Killing BBC3 isn’t going to change anything. The seeds have long been sown, and I’m sure – in a few months – we’ll see the launch of a new BBC entertainment channel that’ll talk a big, brave, Reithian game, but merely end up, once again, trying to replicate the success of The Inbetweeners by allowing Edinburgh Fringe hits to write jokes about going bald.
What we really need is not only for BBC3 to die a quick and silent death, but for a total change of attitude in what the commissioners – and the public – want from their comedy and entertainment. Look at the BBC’s new comedy output and you’ll soon realise that what you’re seeing is an astonishing lack of imagination and ambition – a misguided relationship between the public and producers that's left the future of British comedy looking incredibly bleak. What the fuck is Miranda?
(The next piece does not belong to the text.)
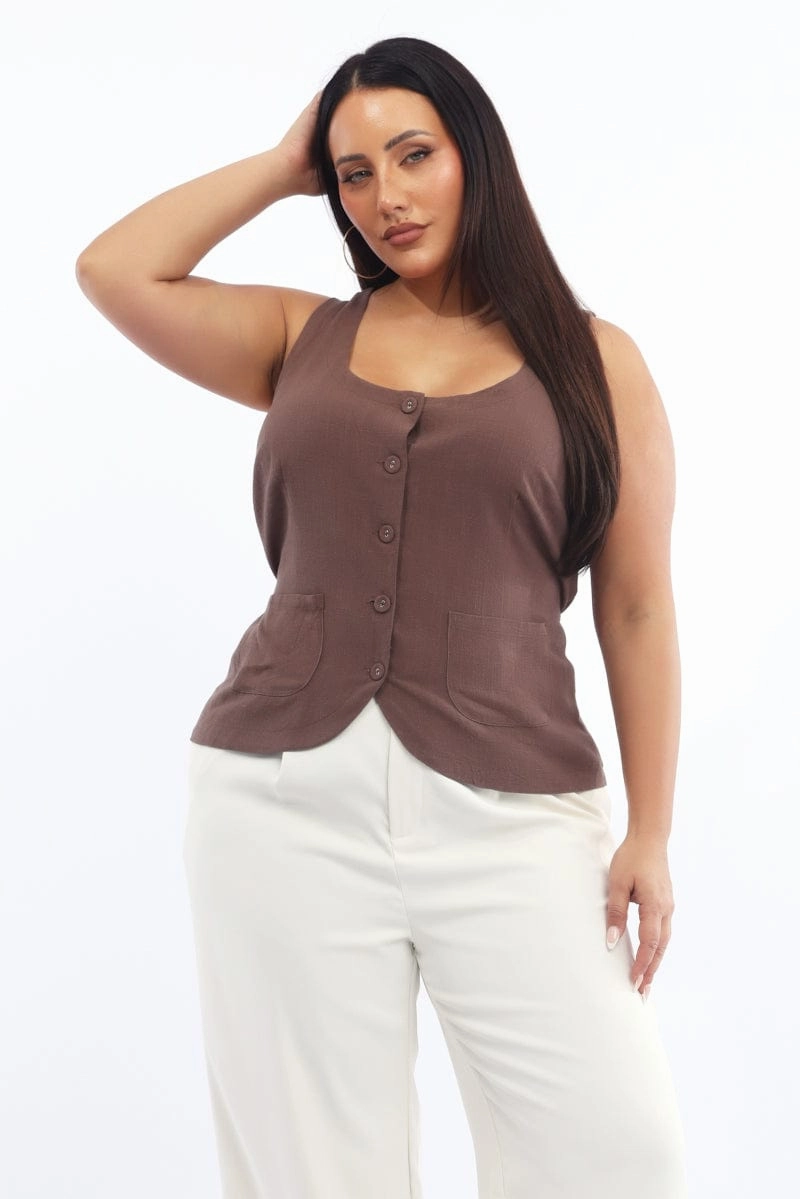 Cold Climate Everyday Layer Style Brown Scoop Neck Linen Blend Tie Back Vest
The cast of Two Pints of Lager and a Packet of Crisps, AKA the beginning of the end
To the public who say they want to save it, I'd ask one question: Have you ever really loved anything on BBC3? Has anything they've programmed ever managed to change the way you view your life, or had you wishing – feeling, even – that you knew the characters in real life, as great TV often can? Because I'm willing to bet it hasn't. Sure, you might have that one show you kinda like to watch when you get home from a midweek pub session, but in 16 years – and after the millions and millions of pounds spent – is a few thousand slightly lonely pissheads falling asleep in front of F**k Off! I'm a Hairy Woman! really enough to justify saving BBC3?
I haven’t watched Bad Education. People have said it’s good, but is it "not as good as Teachers, but good!"? Or is it actually good? I feel the same way about Pramface and Uncle and most things they've done, apart from the stuff that just looks irredeemably shit. In a world where people have less and less leisure time, people should be making TV that you have to watch. Programmes where the synopsis alone will give you the impression that somebody’s going to laugh at you for not having seen it. Programmes that matter.
American TV does that, with a myriad of strange and dangerous programming that touches on history, culture, fashion, politics, crime, sociology, sex and the human condition. And the BBC does a lot of it, too. But BBC3 is just cultural stodge. Unimportant, uninteresting entertainment that nobody will notice when it’s gone.